▶ INPUT MATERIAL:
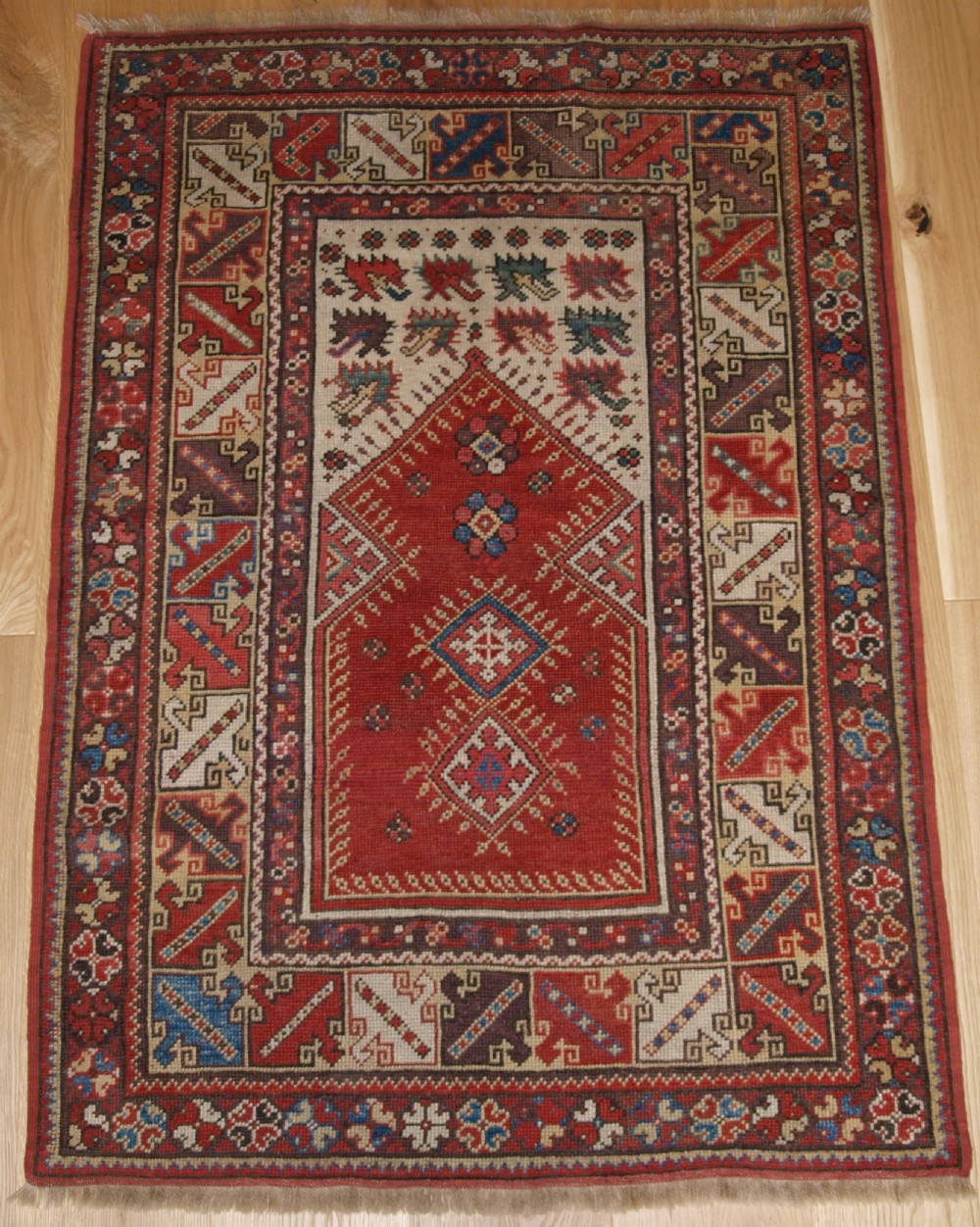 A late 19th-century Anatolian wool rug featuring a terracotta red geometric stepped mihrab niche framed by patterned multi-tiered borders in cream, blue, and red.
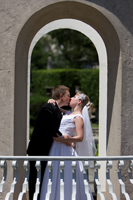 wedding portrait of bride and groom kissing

* * *

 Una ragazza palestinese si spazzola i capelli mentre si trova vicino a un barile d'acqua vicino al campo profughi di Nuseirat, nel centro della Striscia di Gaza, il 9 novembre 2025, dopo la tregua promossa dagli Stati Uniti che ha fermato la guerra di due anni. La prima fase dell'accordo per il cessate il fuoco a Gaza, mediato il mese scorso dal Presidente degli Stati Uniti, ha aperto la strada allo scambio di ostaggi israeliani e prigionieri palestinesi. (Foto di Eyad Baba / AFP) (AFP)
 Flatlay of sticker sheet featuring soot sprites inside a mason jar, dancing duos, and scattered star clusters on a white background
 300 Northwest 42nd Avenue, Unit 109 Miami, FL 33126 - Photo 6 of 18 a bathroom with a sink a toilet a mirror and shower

---

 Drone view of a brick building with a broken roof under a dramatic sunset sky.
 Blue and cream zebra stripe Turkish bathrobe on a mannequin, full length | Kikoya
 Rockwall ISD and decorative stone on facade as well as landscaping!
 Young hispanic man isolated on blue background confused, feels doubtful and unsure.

▶ THE TASK: Beginning with the line above that contains "Blue and cream", copy each line exactly up to and including the line that contains "Young hispanic man", and go no further.

▶ OUTPUT OF THE TASK:
 Blue and cream zebra stripe Turkish bathrobe on a mannequin, full length | Kikoya
 Rockwall ISD and decorative stone on facade as well as landscaping!
 Young hispanic man isolated on blue background confused, feels doubtful and unsure.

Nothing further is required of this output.